MinHash is a simple but effective algorithm for estimating set similarity using the Jaccard index. Both the Wikipedia entry and this blog post are good explanations of how it works.
MinHash is attractive because it allows us to decide how similar two sets are without having to enumerate all of their elements. If we want to know how many users that performed action $A$ also performed action $B$, we can compare the MinHashes of the two sets instead of keeping track of multiple sets of millions of user ids. This is not only faster, but also has a fixed memory footprint.
MinHash is also extremely simple to implement: all we need is a set of $k$ hash functions, and a way of keeping track of the minimum value encountered for each hash function. The $k$ parameter gives us a way of trading off precision and efficiency: we get higher accuracy with higher $k$, but it takes longer to process new data points and the hashes themselves occupy more memory.

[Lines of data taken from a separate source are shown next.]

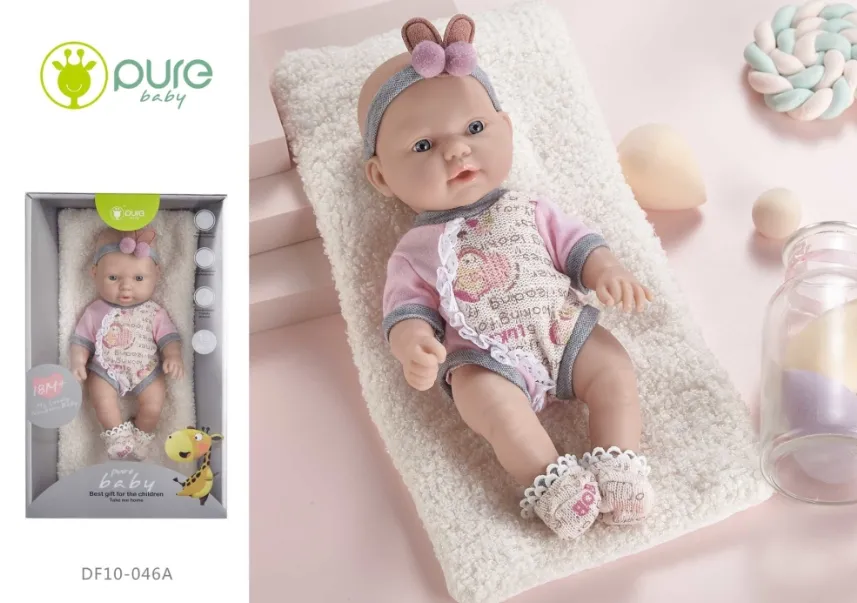 Păpușă din vinil 25 cm „Pure Baby” DF10-046A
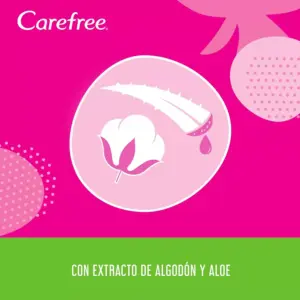 Carefree Aloe Breathable Pantyliners 20 Pack - Image 4
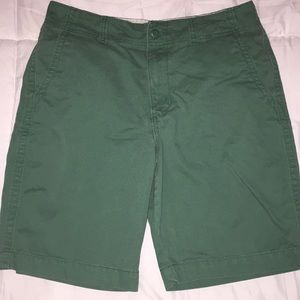 Green Khaki Shorts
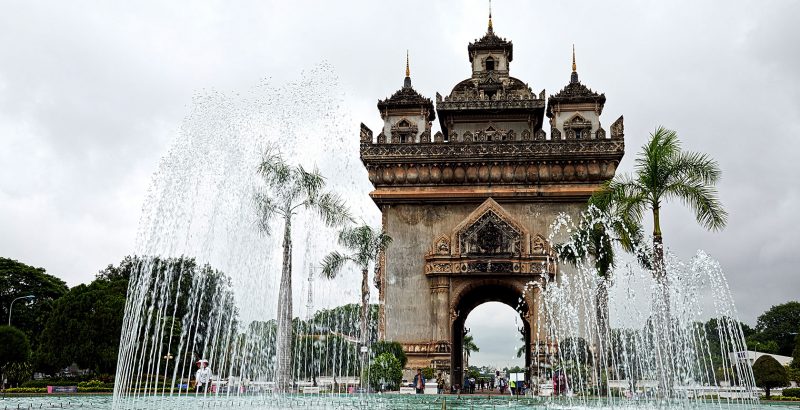 Laos - 17089 - Historical Landmark - Water Fountains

The following Python implementation uses the built-in hash function and $k$ bitwise XOR masks for hashing, and is sufficiently fast even for high $k$ (unless you really have a lot of data).
class MinHash(object):
def __init__(self, k, seed=10):
self._k = k
self._seed = seed
minint = np.iinfo(np.int64).min
maxint = np.iinfo(np.int64).max
self._masks = (np.random.RandomState(seed=self._seed)
.randint(minint, maxint, self._k))
self._hashes = np.empty(self._k, dtype=np.int64)
self._hashes.fill(maxint)
def add(self, v):
hashes = np.bitwise_xor(self._masks, hash(v))
self._hashes = np.minimum(self._hashes, hashes)
def jaccard(self, other):
if np.any(self.masks != other._masks):
raise Exception('Can only calculate similarity '
'between MinHashes with the same hash '
'functions.')
return (self._hashes == other._hashes).sum() / float(self._k)